Giddy up folks! Time to pack those stagecoaches and start saddling up because it is time to head out West to California to find some gold. That is right-gold!
For those who have been on Google within the past couple days, you might have noticed the Google logo has a rustic Wild West theme with a historic brown font, and a cowboy riding his horse in the hopes of making it rich in the West.
Once you see it, you might ask yourself, “Wait a minute, why is the cowboy heading east? Did he forget to check his compass before he started his great adventure?”
That’s not the case, because actually Google Doodles is celebrating the 155th anniversary of the Pony Express.
The Pony Express was founded by William H. Russell, Alexander Majors, and William B Waddell on April 3rd, 1860. For those wondering why The Pony Express was created, it was simply because people needed a more efficient way to communicate across the East and West Coasts. Therefore, pony riders functioned as the “mailmen” of the Wild West. The pony riders sure were efficient and they managed to deliver their first letters on April 14, 1860.

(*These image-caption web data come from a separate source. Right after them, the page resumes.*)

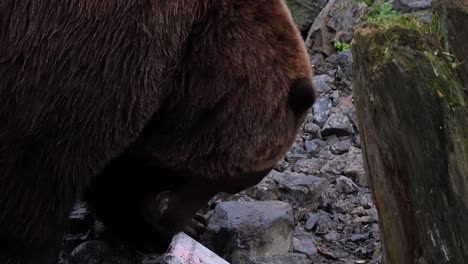 Brown-bear-checking-a-piece-of-plastic,-Alaska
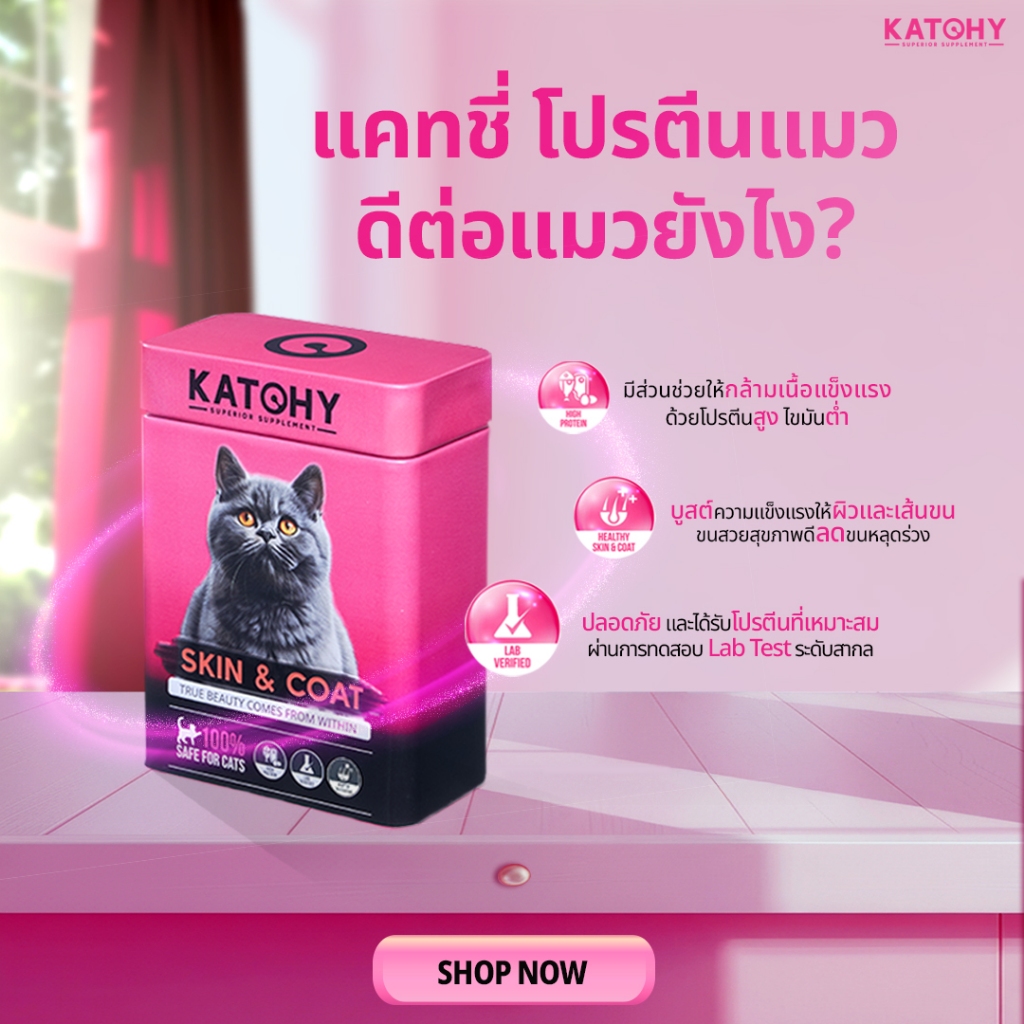KATCHY แคทชี่ อาหารเสริมโปรตีนแมว |  สูตร Skin&Coat บำรุงผิวหนังและเส้นขน ลดการขาดหลุดร่วง ขนาด 100g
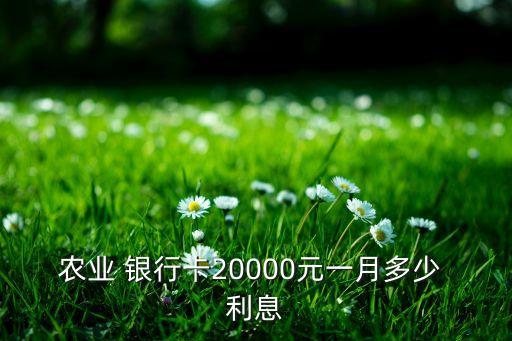 銀行卡里存2萬(wàn)塊錢(qián)有多少利息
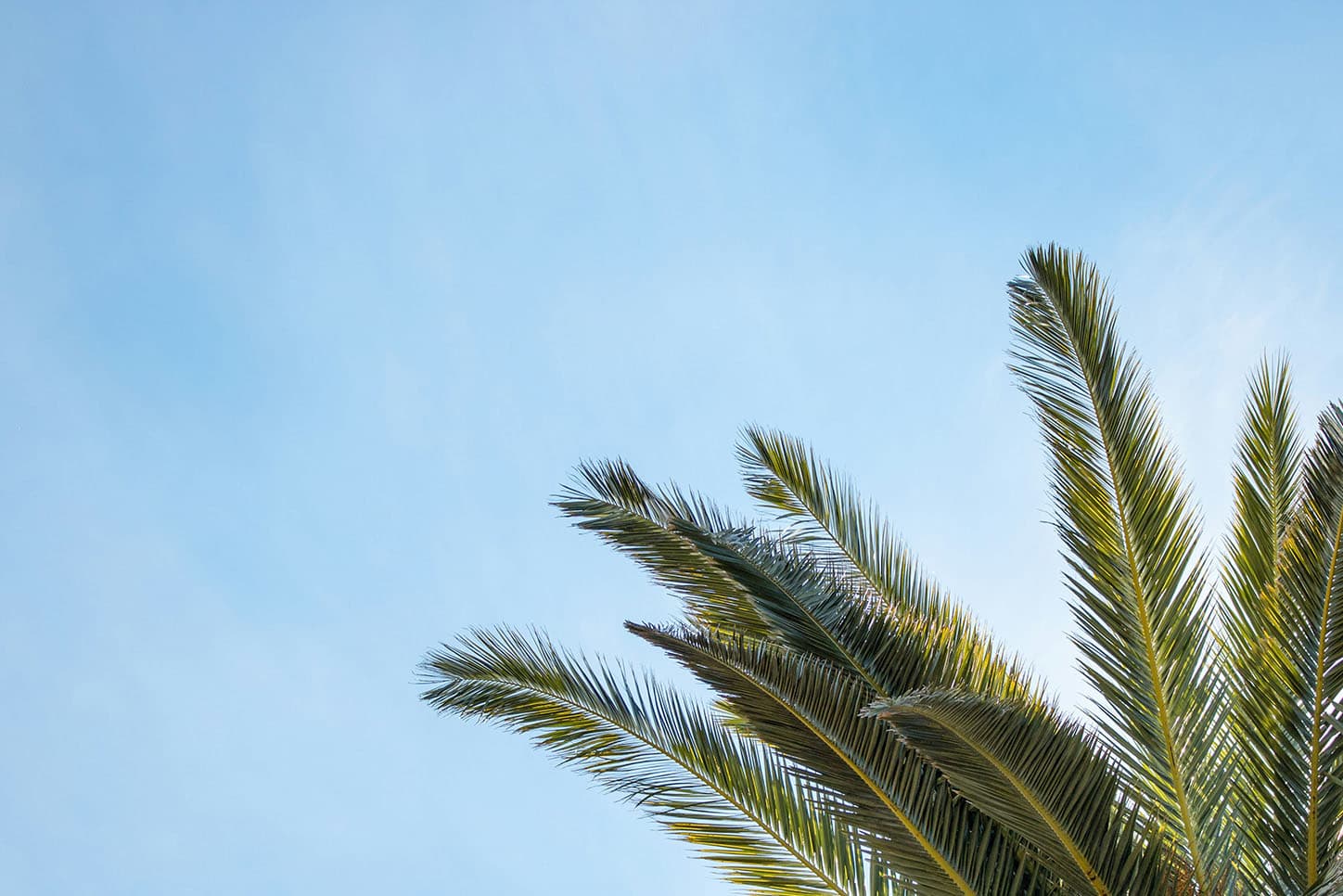 Palm tree background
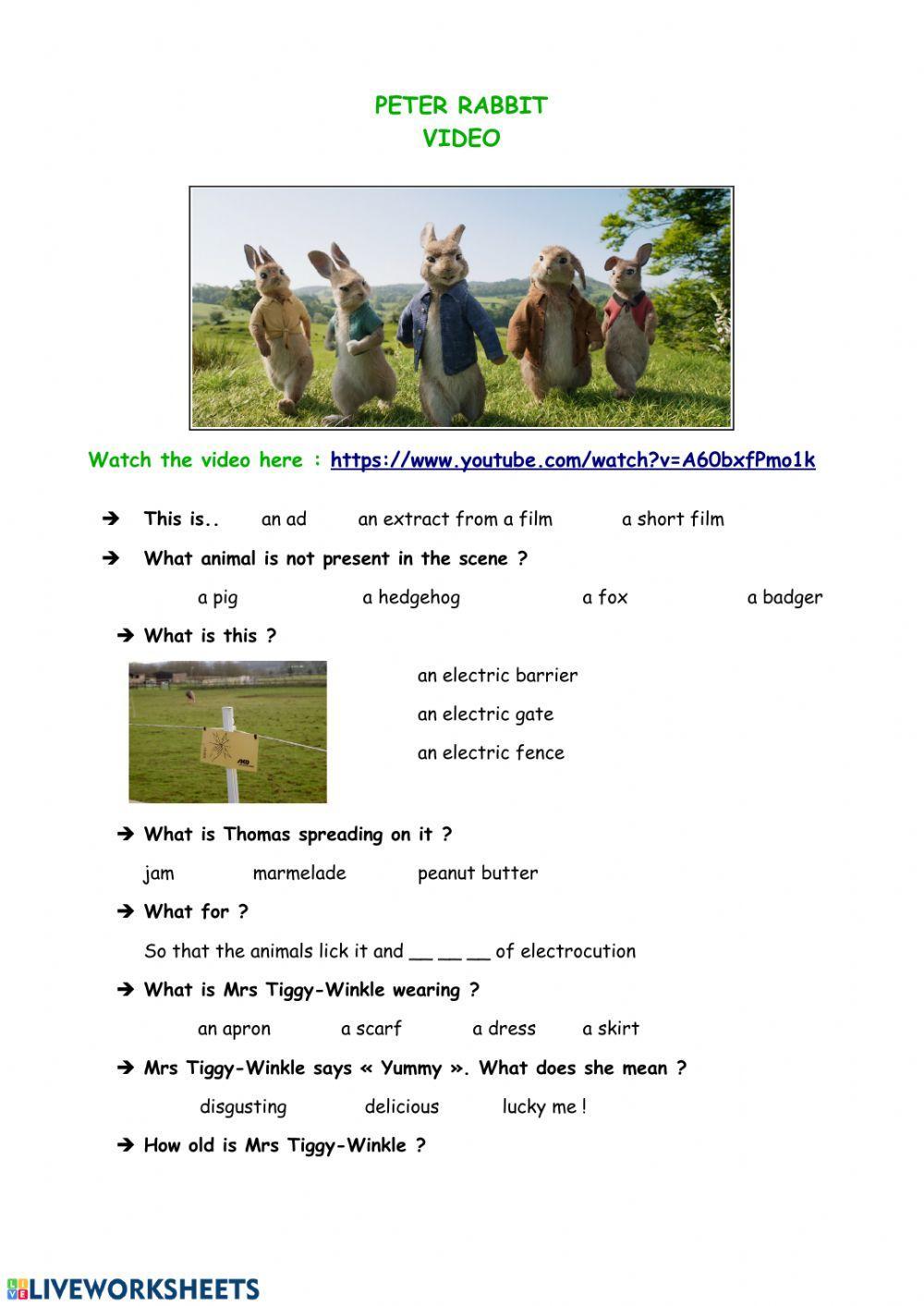 Peter Rabbit worksheet | Live Worksheets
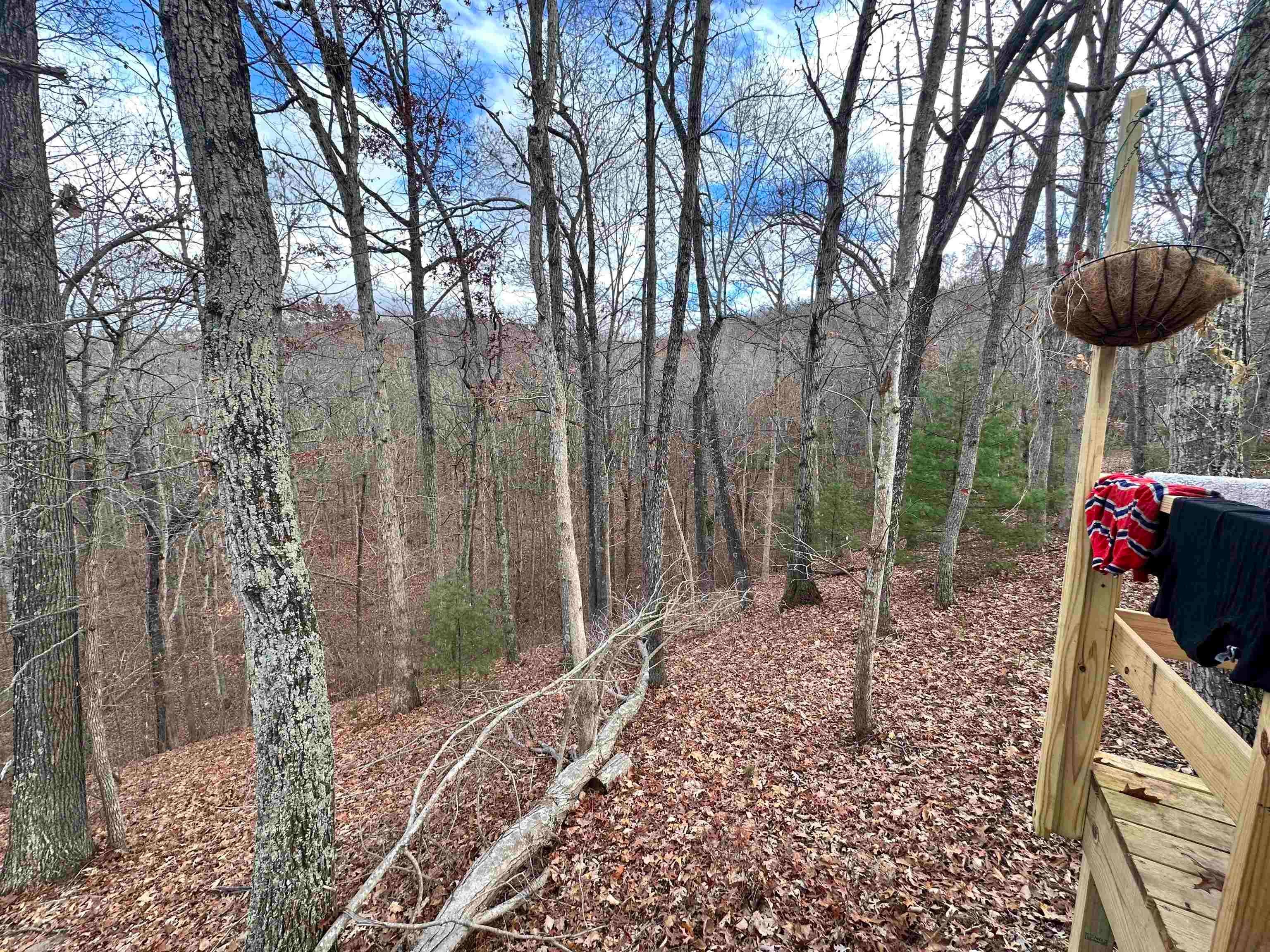 3745 Case Knife Road Pulaski, VA 24301 - Photo 6 of 10 Gallery Image 6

The Pony Express had created a new system for communication that allowed mail to be transported on routes from California to as far as Missouri. On average, the pony riders covered over 250 miles in a 24-hour day, which included stops at the Pony Express stations, where riders could rest and change
horses to ensure a safe and punctual delivery.
Unfortunately, The Pony Express became obsolete not even two years later with the creation of the Pacific Telegraph line in October, 1861. Even though The Pony Express was not around for long, the impact it had on society can still be felt today, especially with the creation of the phone and Internet.